## TASK STATEMENT
Give every line below again, exactly as it appears.

## INPUT DATA
====

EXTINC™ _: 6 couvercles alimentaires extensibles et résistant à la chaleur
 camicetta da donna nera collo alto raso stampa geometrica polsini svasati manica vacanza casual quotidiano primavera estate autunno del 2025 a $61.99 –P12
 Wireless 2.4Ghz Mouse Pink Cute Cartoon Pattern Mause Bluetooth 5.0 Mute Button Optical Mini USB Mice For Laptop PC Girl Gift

====

## RESULT BELOW
EXTINC™ _: 6 couvercles alimentaires extensibles et résistant à la chaleur
 camicetta da donna nera collo alto raso stampa geometrica polsini svasati manica vacanza casual quotidiano primavera estate autunno del 2025 a $61.99 –P12
 Wireless 2.4Ghz Mouse Pink Cute Cartoon Pattern Mause Bluetooth 5.0 Mute Button Optical Mini USB Mice For Laptop PC Girl Gift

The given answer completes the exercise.